Detection on extract

The extractor starts by reading 32 bytes' worth of embedding units from the carrier — which is 256 / density samples at density 1..4. For a 24-bit BMP that's:

density 1 → 256 sample bytes (~86 pixels)
density 2 → 128 sample bytes
density 3 → 86 sample bytes
density 4 → 64 sample bytes (~21 pixels)

The first 32 bytes of that bitstream are decoded as a PayloadHeader. If the magic isn't RSTG, decode() returns Error::HeaderMissing — the extractor stops immediately. Cost of being wrong: ~250 bytes read from a potentially multi-MB carrier. The false-positive rate on random data is 2⁻³² per trial, so we never mistake a non-rsteg file for an rsteg one.

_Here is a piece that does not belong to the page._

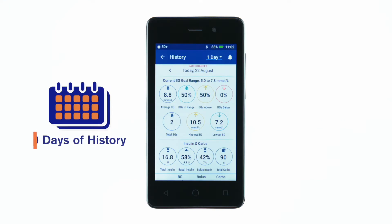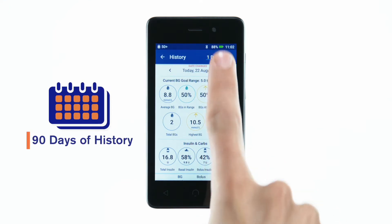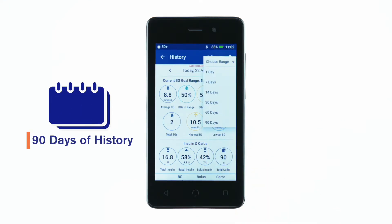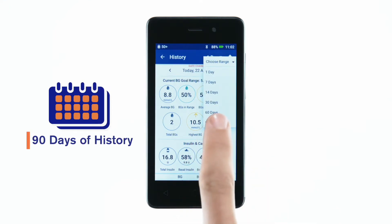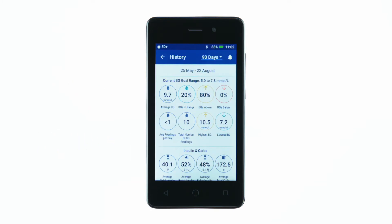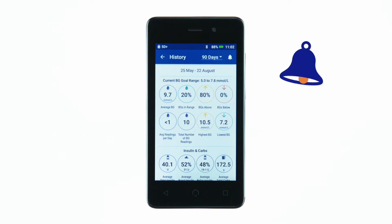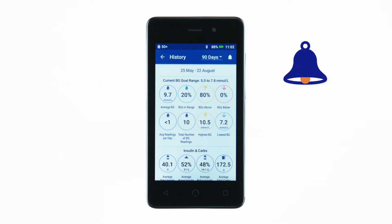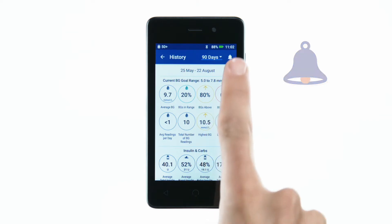The Omnipod PDM can store up to 90 days of history. To review past notifications and alarms, tap the bell icon in the upper right-hand corner of your PDM.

The whole thing in 20-ish lines of Rust

pub fn encode(&self) -> [u8; 32] {
    let mut out = [0u8; 32];
    out[0..4].copy_from_slice(b"RSTG");
    out[4] = self.version;
    out[5] = self.flags;
    out[6..10].copy_from_slice(&self.crypto_fourcc);
    out[10..14].copy_from_slice(&self.scheme_fourcc.0);
    out[14] = self.density;
    // 15 stays zero (reserved)
    out[16..20].copy_from_slice(&self.body_len.to_be_bytes());
    out[20..24].copy_from_slice(&self.body_crc32.to_be_bytes());
    // 24..32 stay zero (reserved)
    out
}

No serde, no proc-macros, no framework. Fixed layout, hand-written, trivial to audit. This is what rsteg means by "supply-chain minimization" — every byte of this wire format is in the open and reproducible from the spec.